▶ Data extract
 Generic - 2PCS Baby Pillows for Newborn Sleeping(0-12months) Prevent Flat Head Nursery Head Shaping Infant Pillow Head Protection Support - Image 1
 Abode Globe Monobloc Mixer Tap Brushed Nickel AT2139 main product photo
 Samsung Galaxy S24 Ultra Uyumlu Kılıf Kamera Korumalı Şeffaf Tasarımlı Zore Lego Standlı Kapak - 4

▶ Work instructions
From the line that contains "Abode Globe Monobloc" down to the last line of the listing above, repeat each line exactly, and include nothing else.

▶ Answer for this exercise
 Abode Globe Monobloc Mixer Tap Brushed Nickel AT2139 main product photo
 Samsung Galaxy S24 Ultra Uyumlu Kılıf Kamera Korumalı Şeffaf Tasarımlı Zore Lego Standlı Kapak - 4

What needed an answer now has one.